Magyar Nemzet hails David Cameron as an example and calls on Fidesz to come clean on offshore companies, while the pro government media suspect shady intentions behind the Panama Papers.

David Cameron’s decision to make his tax records public shows what a real conservative party is like, Magyar Nemzet suggests in its editorial. The author, Richárd Szilágyi, calls for the governing parties to act in a similar manner, and reminds them that Fidesz-KDNP used to champion the fight against ‘offshore knights’ in the past. The author criticises Fidesz for not supporting Jobbik’s initiative to invite  MPs to publicly declare their possible involvement in such companies.

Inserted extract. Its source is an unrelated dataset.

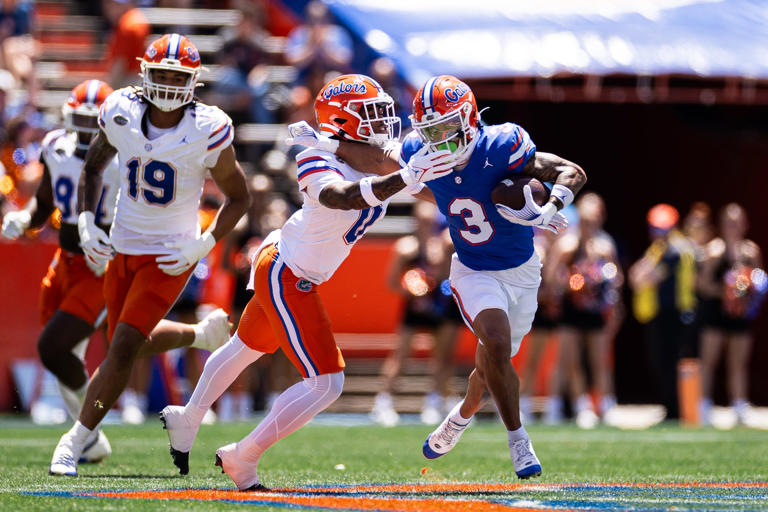 Florida football WR Eugene Wilson III makes a splash in 2024 Orange and ...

Fidesz rejected the idea on the grounds that MPs are already obliged to make yearly public asset declarations. Direkt36, a team of Hungarian journalists that cooperates with the International Consortium of Investigative Journalists on the Panama Papers, has so far produced only two high profile Hungarian names that can be linked to the international scandal. Both Zsolt Horváth, a former Fidesz MP, and László Boldvai, who used to serve as the MSZP’s treasurer (See BudaPost, April 6th 2016) are both somewhat past their political prime. András Pethő, leading journalist of Direkt36 told Magyar Nemzet Online last Thursday that they may not be able to come up with the names of further Hungarian politicians, which suggests that the higher echelons of Hungarian politics will probably not be affected by later revelations.

Offshore companies are in fact the business of the more stupid among the rich of the world, Tutiblog, an opinion column on pro-government Pesti Srácok proclaims. In an article titled ‘Je suis Panama’ the author, who writes under the pseudonym B. Boogiman, calls offshore tricks a crude form of tax evasion compared to more refined techniques that are used, he claims, by really big fish like Bill Gates, Mark Zuckenberg, Warren Buffet and George Soros. Tutiblog also warns that channeling funds into an offshore company is itself not against the law, while the origin of that money may be, but is not necessarily illegal. Leaking information in this case only increases the blackmailing potential of the really big fish, B. Boogiman argues.

In Magyar Hírlap László Bogár, who often writes about the ‘hidden forces’ which ‘manipulate world events from behind the scenes’, draws attention to the fact that two of the biggest ‘offshore islands’, Luxembourg and Switzerland are in the very centre of Europe. The author calls the Panama Papers scandal a neatly devised story, but thinks what follows will tell a lot about the real intentions behind the leaks: their first victim was Iceland’s Prime Minister, who tried to fight the global financial system, and further suspects are targeted in circles close to the presidents of Russia and China.